The story is told by Michael and Elizabeth in roughly alternating chapters. The Girl on the Landing begins 10 years later when, staying for the weekend in an Irish country house, Michael is struck by a painting of a girl in a green dress walking across a landing. On mentioning it to his hosts, Michael is confused to be told that there is not a girl in the picture. He goes back to check and discovers that the girl is no longer there. This the first in a series of unsettling the girl of the landingjolts, as Michael’s internal reality starts to conflict with the outside world as perceived by those around him. The girl in the green dress starts appearing to Michael more and more frequently, and introduces herself as Lamia. Her presence, at first beguiling, becomes increasingly ominous, until it seems she “was always whispering to me, whether I was awake or asleep”.

Elizabeth begins to notice a change in her husband’s behaviour. Her slight unease at discovering an unopened packet of strange medication is tempered by her relief at finding that the lifeless man she thought she had married has been transformed into the passionate Mikey. He takes her to Rome, Italy, where, in contrast to their first honeymoon, “a few damp days” in a cheerless hotel in Ireland, their time together seems “an endless daze of wine, and food, and happiness”. However, it is a happiness that proves short-lived when they return to London, England. Elizabeth starts asking questions and discovers that in her husband’s past he was known, as a child, as “Mental Mickey”. Then, he was diagnosed with schizophrenia and spent a year in a secure unit before, thanks to some “chemical engineering” otherwise known as Serendipozan, it was considered safe to release him. The important thing, the psychiatrist tells Elizabeth, is that Michael keeps taking his medication. Of course, he has already stopped.

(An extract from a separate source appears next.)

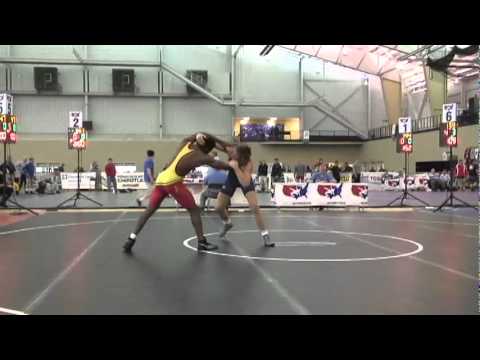 University Greco 3rd Place 74kg - Jesse Stafford vs. Rashaad Saunders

I found the end of the novel rather disappointing. Torday is such an intelligent writer that almost until the very last word I was expecting him to play with the reader, to overturn the stereotype of the violent schizophrenic. He does not do so and, as a depiction of a severe mental health problem, the book portrays a negative stereotype. Elizabeth takes over the narration and we lose touch with the reality of her husband’s experience. Michael’s earlier account is brilliantly handled. He struggles to find a sense of self and he describes his sense of coming back to life as the anti-psychotics leave his system. Elizabeth’s description of looking into his eyes and “trying to understand how much of what was behind them was still human” fails to convince. It is so negative as a description of mental health, that it is really disappointing.

Nevertheless, The Girl on the Landing is well worth reading, although it did not appeal to me.